2. CBOT-Eurex License Agreements
In the 1990s, UEH's parent Eurex Frankfurt AG ("Eurex") developed an all-electronic trading exchange in Europe. Id. ¶ 4. CBOT licensed Eurex's electronic trading platform in October 1999, and the parties signed a non-compete to prevent Eurex from, among other things, offering U.S. Treasury futures itself. Id. ; R. 731 ¶ 6 (Plaintiffs' Response to Defendants' L.R. 56.1 Statement of Facts). The parties entered into a new license agreement in July 2002. R. 731 ¶ 6. That agreement was set to expire on December 31, 2003, and the non-compete was set to expire on January 30, 2004. Id. In early January 2003, CBOT notified Eurex that it intended to terminate the license agreement the day it was set to expire (December 31, 2003). R. 742 ¶ 5.
3. Eurex's Plan To Launch USFE As A Competing Exchange
Both CBOT and Eurex made public announcements on January 10, 2003. R. 731 *1238¶¶ 6-8. CBOT announced that it had entered into a contract to use a different trading platform after December 31, 2003 when its licensing agreement with Eurex expired. Id. ¶ 7. And Eurex announced its intent to launch a U.S. Treasury futures and options exchange, USFE, to compete head-to-head with CBOT. Id. ¶¶ 2, 8. The planned launch date for Eurex's competing exchange was February 1, 2004, the earliest date possible under the non-compete agreement. Id. ¶¶ 6, 8.

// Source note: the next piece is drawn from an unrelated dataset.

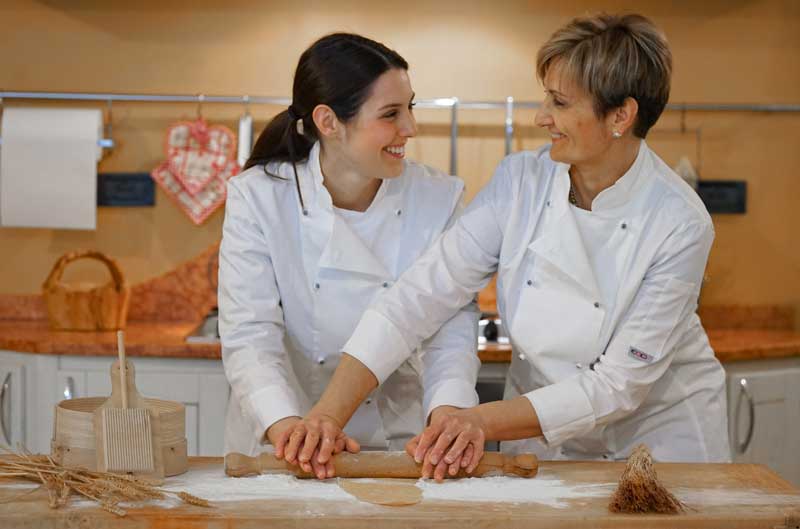 Elisa e Adele insieme preparano i loro piatti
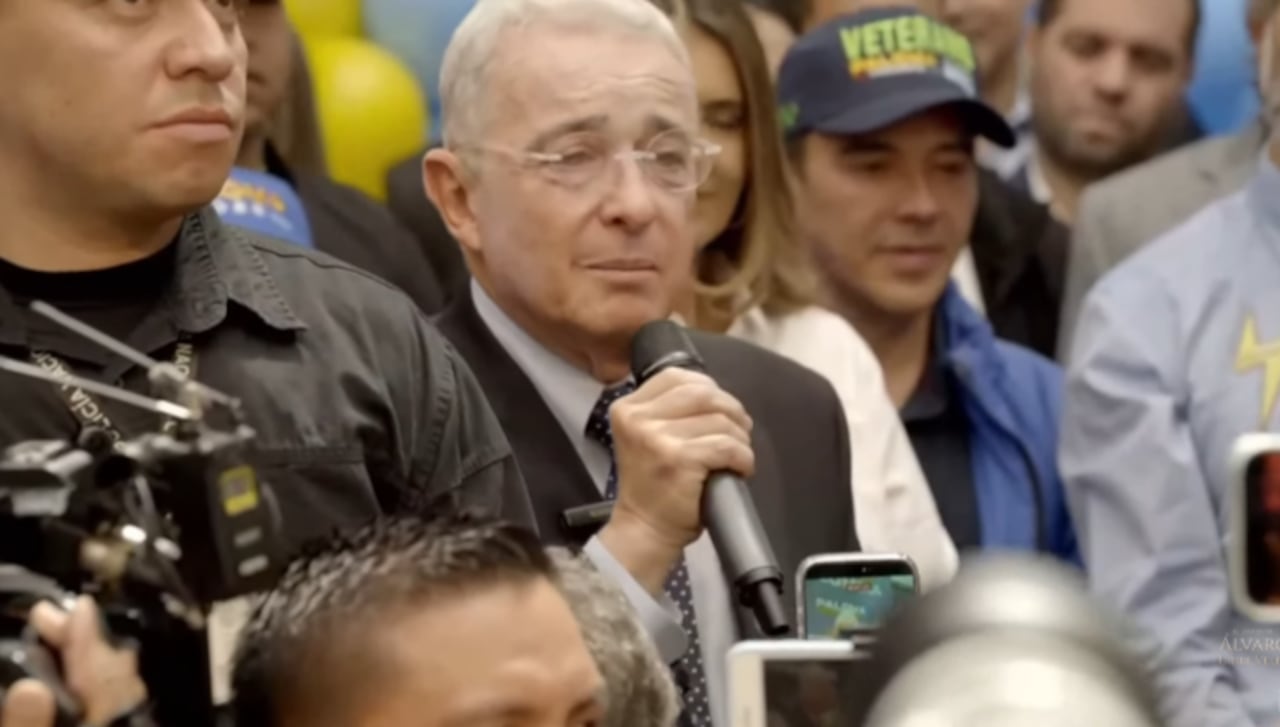 El expresidente aperturó el evento elogiando a Paloma Valencia y a Juan Daniel Oviedo.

While planning for its U.S. launch, Eurex created a business case defining the two most likely outcomes as: (1) winning the entire futures market by 2007; or (2) failing and quickly exiting from the market. Id. ¶ 9. The business case assumed a "binary outcome" was most likely because "the nature of ... the futures business is that [in] any one product, there is a tendency to concentrate the market or liquidity into one market." Id. Eurex cited "the 'network effect' of CBOT's large volume" as a "barrier to entry" into the U.S. Treasury futures market. Id. ¶ 10. In a March 17, 2003 presentation, Eurex assessed the probability of USFE's success at "10%, however increasing to 50% if achieving mile-stones." Id. ¶ 11. Defendants' executives readily acknowledged the business threat posed by USFE's planned entry into the market, including in light of Eurex's low-cost, all-electronic trading platform (which market participants were familiar with, having used it during the years that CBOT licensed it). R. 742 ¶¶ 6, 8, 16.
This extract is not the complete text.